Standing Pat on Options; Brunswick Throws a Strike

Acuity (NYSE: AYI) got hit hard last week due to an analyst downgrade. Roth Capital downgraded the stock to a sell based on President Trump’s threat of a 20% tariff  on imports from Mexico. The analyst noted that a large portion of Acuity’s parts would be affected. It is impossible to know if this tariff will be implemented and while Acuity has a short leash due to its soft quarterly report earlier this month, I don’t think it’s wise to sell the stock on speculation regarding future tariff possibilities.

Ambarella (NSDQ: AMBA) may get a boost from some positive developments in the drone world. Key Banc analyst Brad Erickson raised his estimates for Ambarella customer GoPro and noted that holiday demand was not nearly as bad as feared. I’ve noted before that Ambarella’s trading is correlated fairly tightly to GoPro, despite the fact that the company is diversifying its sales with new customers.

Brunswick (NYSE: BC) reported a solid fourth quarter last week.
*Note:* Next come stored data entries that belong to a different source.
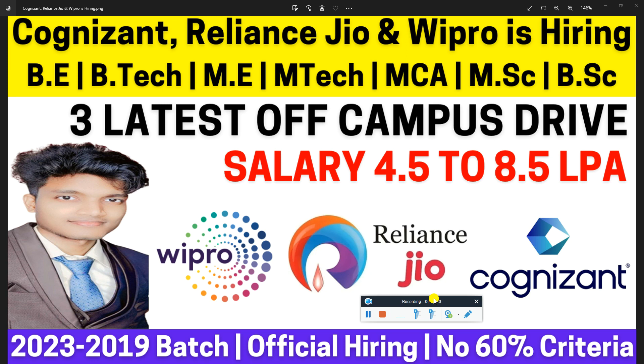If we are talking about graduates, then B.E., B.Tech, M.E., M.Tech, MCA, M.Sc., B.Sc., B.Com, BA, whatever degree you have, either science or engineering, you are eligible to apply.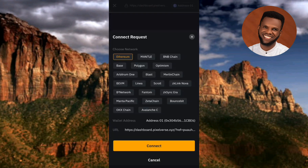What you have to do here is choose your network. Remember, the wallet address we need to use is a USDT ERC20 wallet address. USDT ERC20 is a type of cryptocurrency token that represents the US dollar on the Ethereum blockchain, so you have to choose Ethereum. As you can see, Ethereum has been automatically chosen.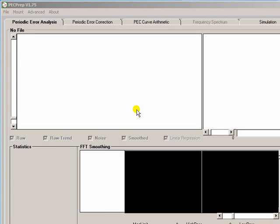Hi, it's Chris here. In this video we're going to look at PECPREP and how to prepare a periodic error correction file for use by EQASCOM.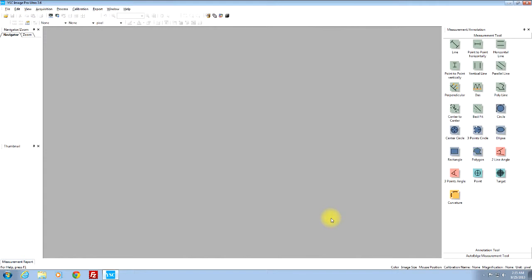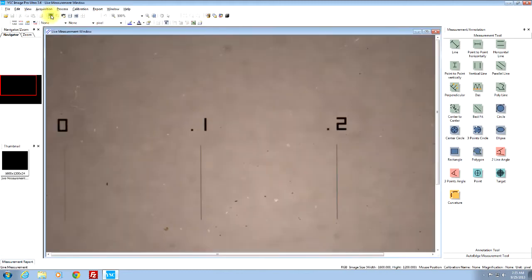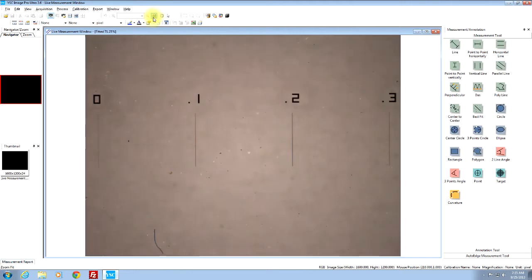Here's how you do the manual calibration. Open up your program and click on the light measurement mode. You can use the video mode so you can see the whole stage micrometer. Click on the manual calibration.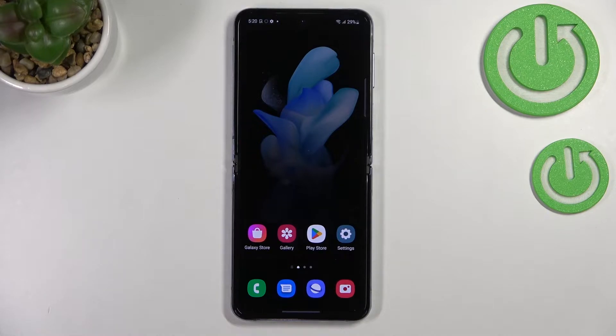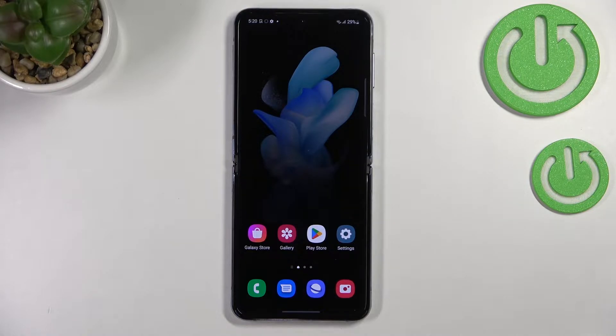Hi everyone. In front of me I've got the Samsung Galaxy Z Flip 4, and let me share with you how to allow unknown sources on this device.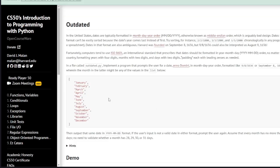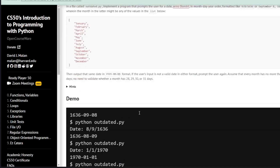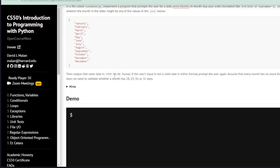In the United States dates are typically formatted in the month, day, and year format. This assignment wants us to implement a program that prompts the user for a date in the month, day, and year format — like 9/8/1636 or September the 8th, 1636. We're then to output that date in the format of year, month, and day.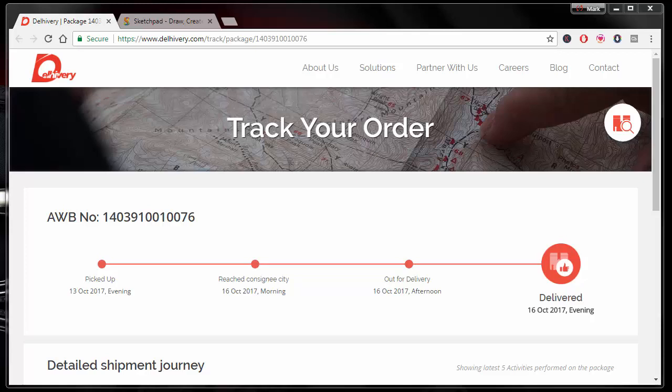Hey guys, Mark here with codewithmark.com. Once again, the website is codewithmark.com. In this video, I want to share with you how you can create yourself a secure REST API.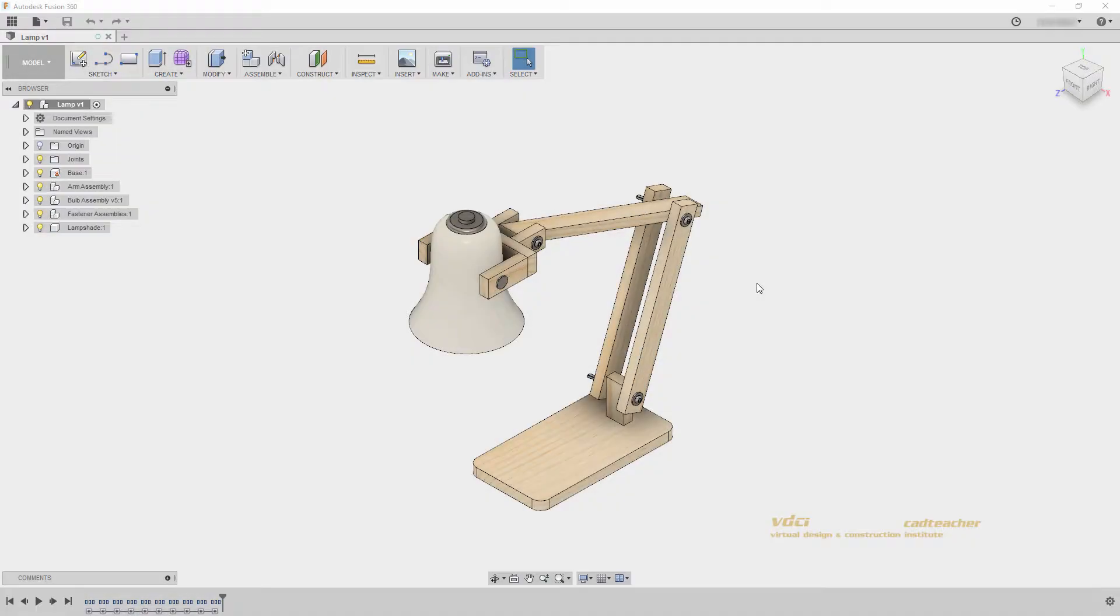Welcome back. In this video we will look at the inspect panel in our model workspace. I will use the lamp file to look at the tools in this video.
Revenue grew 9%, slightly less than expected, primarily due to the stronger dollar which lowers the value of foreign sales. Earnings however, grew 19% to better profit margins, a lower tax rate and lower shares due to share repurchases. I’m working through my model to see if Brunswick can move much higher. It’s been a fabulous performer for us, up 40% and I’m loathe to let those gains slip away.

Caterpillar (NYSE: CAT), a stock for which we hold puts, reported a mixed quarter last week.  Adjusted earnings were 85c versus an estimate of 67c. However, these adjusted numbers were boosted by a much higher than anticipated restructuring charge.

Revenue dropped 13% and was $200 million less than expected. Guidance for 2017 was weak- $2.90 versus current estimates of $3.07 and sales of “less than $38 billion versus expectations of $38.3 billion.

Management pointed out that guidance is dependent on a more dramatic improvement in the second half of the year. This means that current demand levels remain punk and that estimates may come down further if demand does not reignite in the second half of the year.

It also warned that more restructuring charges may be on the horizon above and beyond the $500 million currently expected. As a point of reference, Caterpillar recorded $1 billion in restructuring charges in 2016 and $900 million in 2015. These charges have equaled almost half of all profits in the two-year period.

I suggest holding on to the puts with the expectation that the stock will drift lower.

Masonite (NYSE: DOOR) and Gypsum Management & Supply (NYSE: GMS) received some bullish news from DR Horton, the largest home builder in the U.S. DR Horton reported last week that first quarter sales increased 17%, slightly higher than expected. It noted that January sales were trending strong. Prices crept higher with the average home price increasing 2% from last year. Higher priced homes are typically larger and include more bells and whistles, good news for Masonite’s high end doors and Gypsum’s dry wall product.

Masonite competitor Jeld Wen had a successful IPO last week, increasing 13% from its $23 initial price. When comparing its financials, I like Masonite better. More than 80% of Masonite’s revenue is domestic versus 60% for Jeld Wen. Both are growing revenue high single digits but Masonite has shown greater improvements in its profitability and holds significantly less debt. Jeld Wen is burdened with a debt equal to three times its equity versus Masonite whose debt/equity ratio is less than one.

PayPal (NSDQ: PYPL) a stock for which we hold calls, reported a solid fourth quarter last week. Revenue grew 19% and earnings grew 17% to 42 cents. The stock traded down a bit after hours due to a news report that guidance was weak. In fact, guidance is right on target with Wall Street projections. Management’s outlook for 16% revenue and earnings growth for 2017 is higher than prior guidance and frames Wall Street numbers.

PayPal continues to sow the seeds of locking in consumers with its mobile payment systems. Its Venmo person to person payment app, which is taking the market by storm, processed $5.6 billion in transactions in the fourth quarter along, up 156% from the prior year. The company has not incorporated any earnings from Venmo into its 2017 projections, leaving room for upside to earnings.

I recommend holding the call for the moment but am well aware of the time value that will erode the call’s value as we get closer to the February expiration.